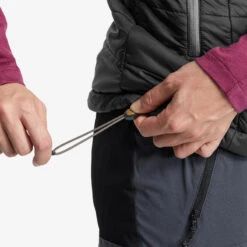 Chaleco Acolchado De Montaña Y Trekking Mujer Forclaz MT100 Negro 11 Chaleco Acolchado De Montaña Y Trekking Mujer Forclaz MT100 Negro -Mejor Ropa Tienda chaleco acolchado de montaa y trekking mujer forclaz mt100 negro 3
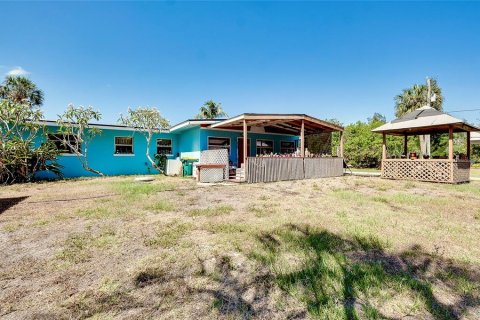 House in Punta Gorda, Florida 2 bedrooms, 129.32 sq.m. № 1908014 - photo 4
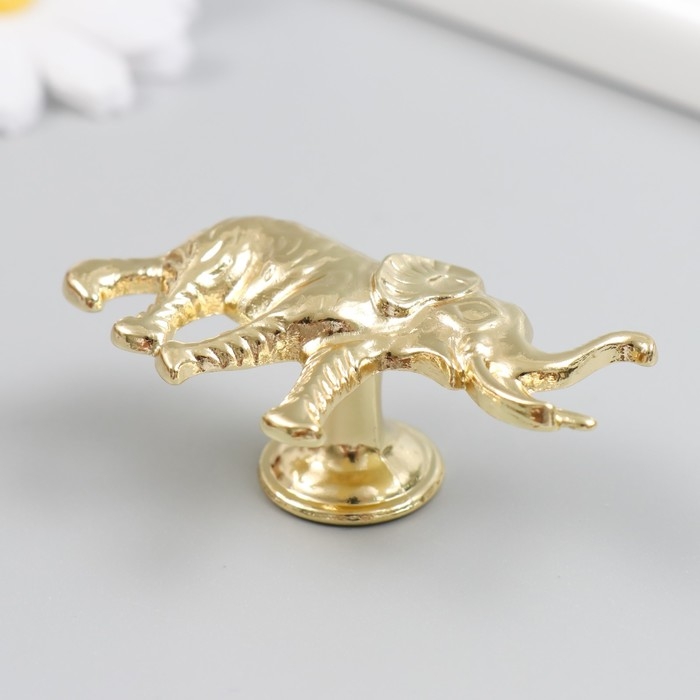 Ручка для шкатулки металл Ручка для шкатулки металл "Индийский слон" золото 3,3х5,8 см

————

** About this exercise **
Without any pictures, please write out the lines from the one containing "House in Punta" through the final line of the data, exactly and inclusive of both ends.

** Response for this exercise **
 House in Punta Gorda, Florida 2 bedrooms, 129.32 sq.m. № 1908014 - photo 4
 Ручка для шкатулки металл Ручка для шкатулки металл "Индийский слон" золото 3,3х5,8 см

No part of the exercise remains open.